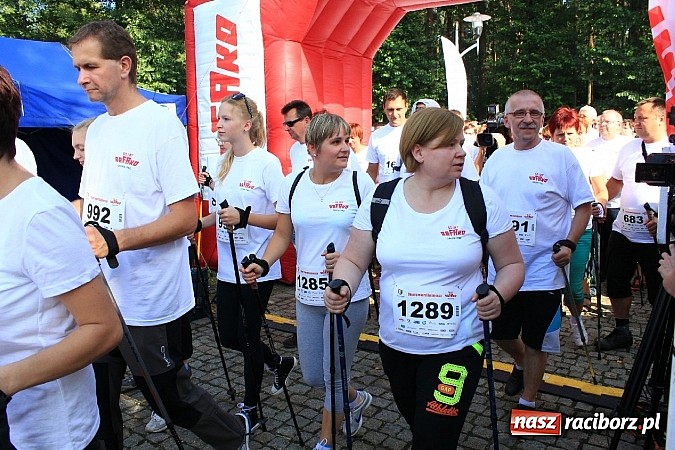 Zdjęcie w galerii na portalu naszraciborz.pl: Rekord Guinnessa w Nordic Walking w liczbach wiadomości z regionu
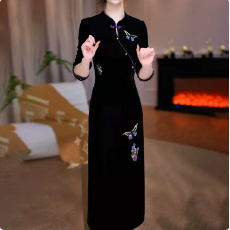 批发高档长袖<b class='q'>改良</b><b class='q'>旗袍</b>连衣裙女2026冬季新款妈妈国风修身礼服裙子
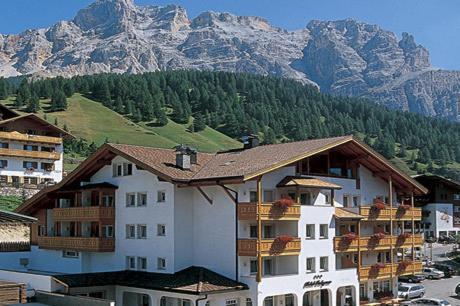 Hotel Falzares San Cassiano  Eksteriør bilde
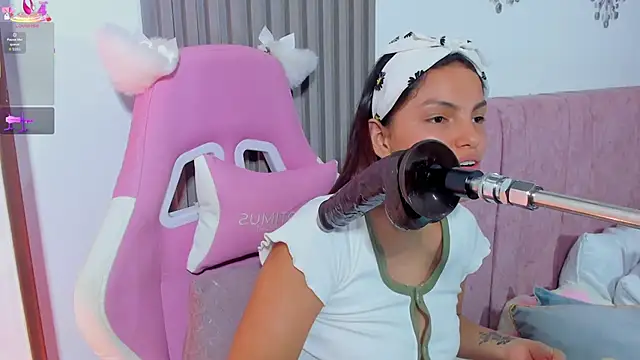 cutie_sarax1 (F teen) - I want your cock in me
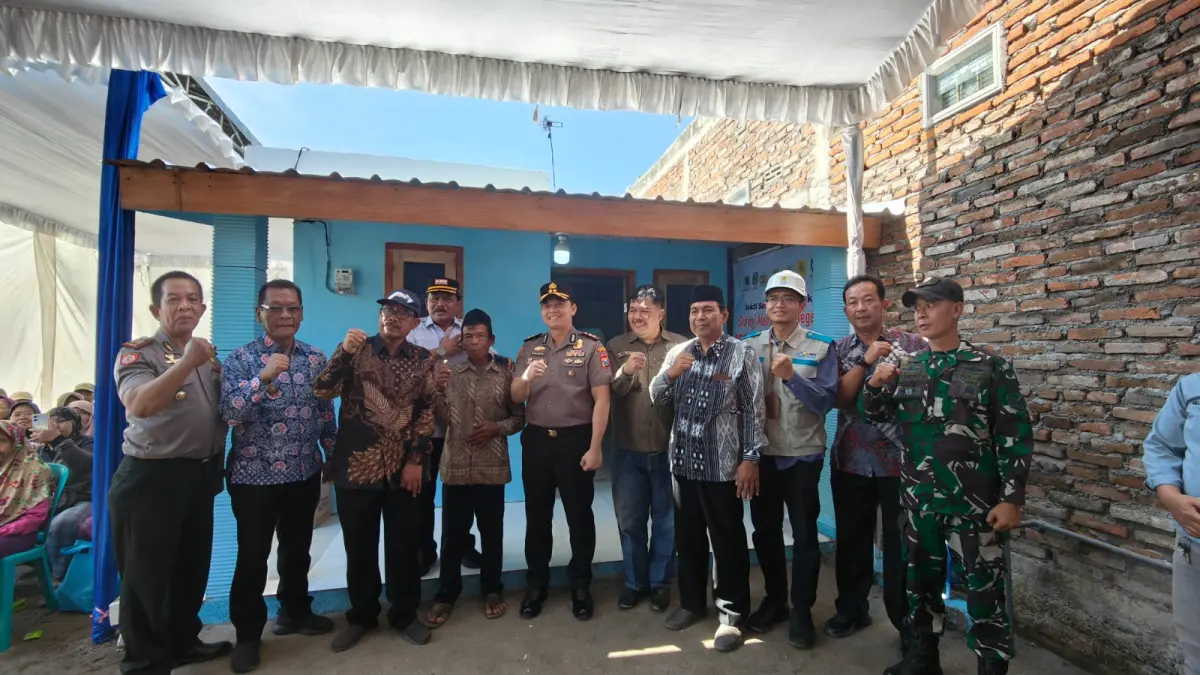 PLN UP3 Mojokerto melalui Yayasan Baitul Maal (YBM) PLN kembali menghadirkan program Light Up The Dream dengan memberikan sambungan listrik gratis kepada warga kurang mampu. Kali ini, bantuan diberikan kepada Mbah Sojo, warga Desa Sugihwaras, Kecamatan Bagor, Kabupaten Nganjuk, Kamis (23/7).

What you should do »
Exclude all pictures and return precisely the lines from the one containing "cutie_sarax1 (F teen)" through the closing line of the data.

Response »
 cutie_sarax1 (F teen) - I want your cock in me
 PLN UP3 Mojokerto melalui Yayasan Baitul Maal (YBM) PLN kembali menghadirkan program Light Up The Dream dengan memberikan sambungan listrik gratis kepada warga kurang mampu. Kali ini, bantuan diberikan kepada Mbah Sojo, warga Desa Sugihwaras, Kecamatan Bagor, Kabupaten Nganjuk, Kamis (23/7).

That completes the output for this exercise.